Télérama : A quels phénomènes attribuez-vous ce repli ?

Jacques Darras : La question de fond est celle d'une crise dans la transmission des savoirs. En période de bouleversements technologiques, qu'apprendre aux jeunes gens âgés de 18 à 25 ans : les savoirs disciplinaires traditionnels marqués par des siècles de sagesse et de rigueur intellectuelle, ou bien du savoir technique immédiatement utilisable, schématisé, une sorte de substitut de savoir, comme un peu d'informatique, des rudiments de marketing, ou un saupoudrage de langues afin de faire entrer les étudiants le plus vite possible dans la vie active ? L'Université ne sait plus quoi donner et doit subir des pressions contradictoires. Celle de l'Etat, en premier lieu, qui rétribue les fonctionnaires, attribue les budgets et garantit - mais pour combien de temps encore ? - la nationalité du diplôme (acquis à Strasbourg. il sera aussi valide à Montpellier).

Télérama : l'Etat joue donc un rôle protecteur..

Jacques Darras : Certes, mais en contrepartie de cette tutelle que nous sentons de plus en plus incertaine, l'Etat impose des contraintes en forme de carcan: on a de plus en plus l'impression que les universités sont dirigées par Bercy. Par exemple, de nouveaux calculs (baptisés San Remo) fixent les sommes allouées aux universités en fonction de la valeur estimée de telle ou telle discipline : un étudiant en sciences s'avère budgétairement fructueux, davantage qu'un congénère en sciences humaines. Avec pourtant un léger correctif en faveur de spécimens plus rentables parce qu'ayant choisi une matière jugée importante, par exemple l'anglais. Si bien que les universités ont tendance à supprimer les petites disciplines (langues rares ou anciennes) peuplées d'étudiants qui coûtent davantage qu'ils ne rapportent. Bref, plus la mission de l'Université apparaît floue, plus vétilleux se fait son contrôle par l'Etat...

Télérama : Ce poids de l'Etat ne tend-il pas à s'alléger grâce à la décentralisation ?

Jacques Darras : Les régions menacent plutôt de déréguler le système. La plupart des universités y sont implantées depuis la loi Edgar Faure de 1968. Mais les régions entendent aujourd'hui s'impliquer davantage, à la faveur de l'actuel projet décentralisateur de Jean-Pierre Raffarin.
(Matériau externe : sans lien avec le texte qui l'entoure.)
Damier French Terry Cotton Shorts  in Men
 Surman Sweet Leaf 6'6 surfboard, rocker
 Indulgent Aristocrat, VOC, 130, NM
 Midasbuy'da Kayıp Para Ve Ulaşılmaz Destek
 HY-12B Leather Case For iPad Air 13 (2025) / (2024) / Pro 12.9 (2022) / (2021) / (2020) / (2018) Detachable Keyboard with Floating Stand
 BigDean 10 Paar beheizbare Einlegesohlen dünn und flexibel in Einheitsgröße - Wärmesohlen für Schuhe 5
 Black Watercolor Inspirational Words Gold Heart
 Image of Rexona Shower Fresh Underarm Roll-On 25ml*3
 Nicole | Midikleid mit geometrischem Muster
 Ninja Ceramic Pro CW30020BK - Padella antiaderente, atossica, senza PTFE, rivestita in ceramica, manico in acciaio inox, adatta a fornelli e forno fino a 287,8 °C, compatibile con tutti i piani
La région Rhône-Alpes, par exemple, reprenant un ancien souhait de Charles Millon, réclame même le droit à l'expérimentation régionale en matière de gestion des universités. Elle vise le contrôle de la carte des formations universitaires, c'est-à-dire la possibilité d'établir les programmes et les cursus, jusqu'à présent décidés au niveau national par les conseils des universités, en toute autonomie. Les régions préféreraient les tailler sur mesure en fonction d'un marché local, ce qui aboutirait à d'énormes inégalités de fait. C'est justement ce qu'avaient combattu les universitaires en 1978 en refusant de toutes leurs forces la « carte universitaire » proposée par la ministre Alice Saunier-Seïté. Celle-ci voulait établir une hiérarchie de droit entre les universités régionales tout en professionnalisant certains établissements, au prétexte de les mettre davantage en phase avec le marché du travail. La victoire de la gauche en 1981 est en partie née de ce combat, gagné, qui a soudé les enseignants, les étudiants et leurs parents.

Télérama : Et la gauche aurait, selon vous, trahi ce combat  ?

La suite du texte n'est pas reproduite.